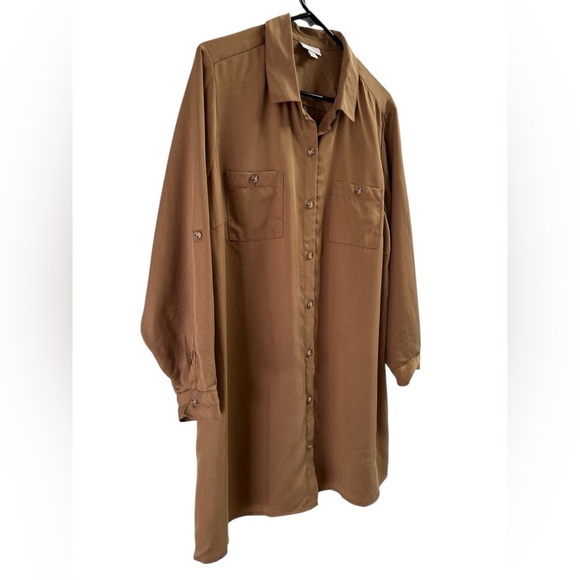 J Jill brown tunic roll tab long sleeve button down blouse - Picture 2 of 6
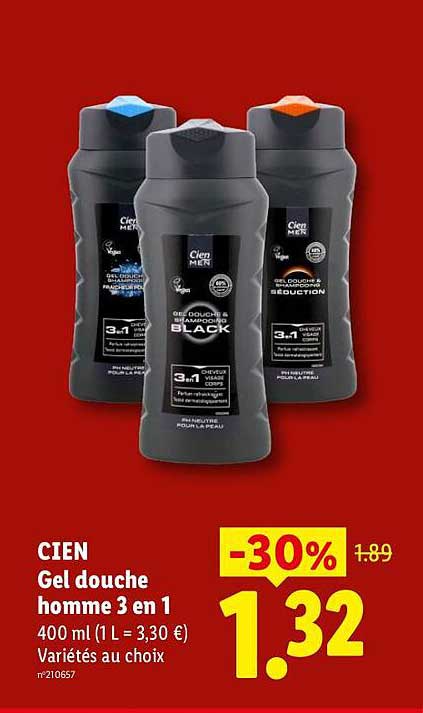 CIEN Gel douche homme 3 en 1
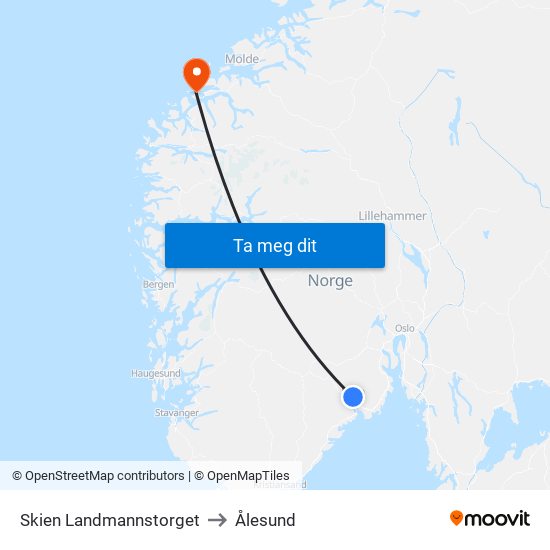 Skien Landmannstorget to Ålesund map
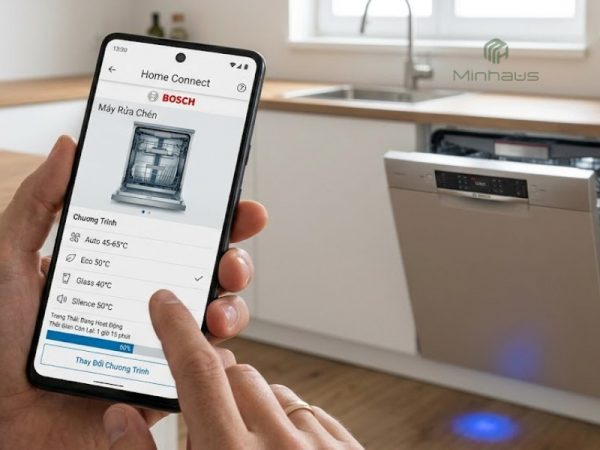 Máy rửa chén Bosch 13 bộ: Loại nào tốt nhất 2026? 3 Điều khiển máy rửa chén Bosch từ xa qua ứng dụng Home Connect trên điện thoại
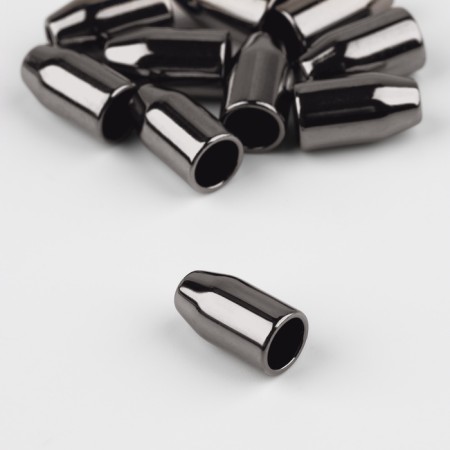 Tip for a cord, d = 3 mm, 14 × 7 mm, 10 pcs, black nickel color
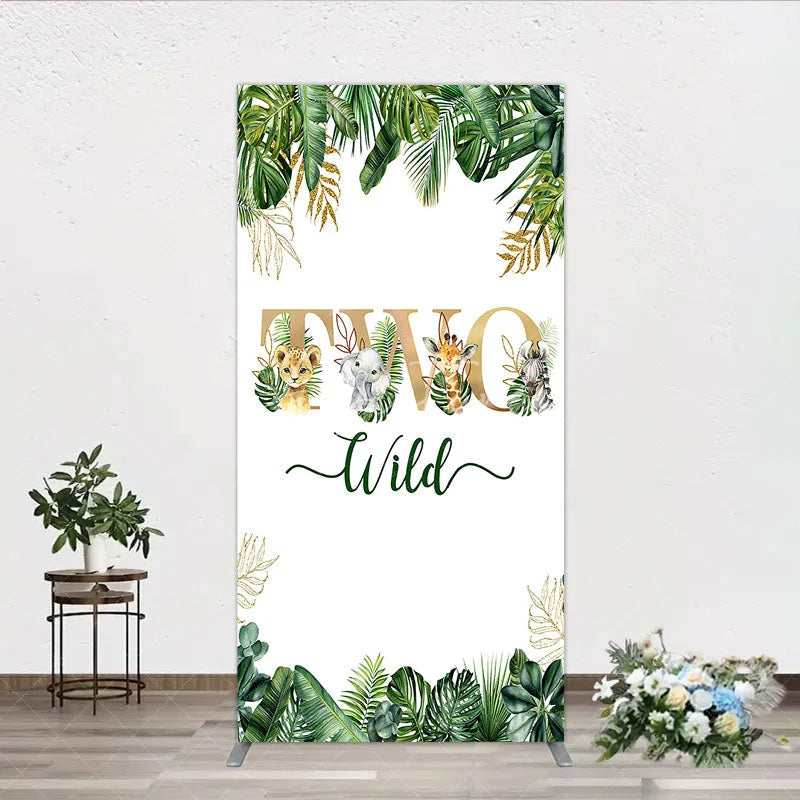 Aperturee - Aperturee Two Wild Safari Animals Birthday Rectangle Backdrop Jungle Tropical Palm Leaves 2nd Birthday Party Background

## EXERCISE
With the pictures left out, copy exactly the lines from the one containing "Máy rửa chén Bosch 13" through the last line of the data.

## EXERCISE OUTPUT
 Máy rửa chén Bosch 13 bộ: Loại nào tốt nhất 2026? 3 Điều khiển máy rửa chén Bosch từ xa qua ứng dụng Home Connect trên điện thoại
 Tip for a cord, d = 3 mm, 14 × 7 mm, 10 pcs, black nickel color
 Aperturee - Aperturee Two Wild Safari Animals Birthday Rectangle Backdrop Jungle Tropical Palm Leaves 2nd Birthday Party Background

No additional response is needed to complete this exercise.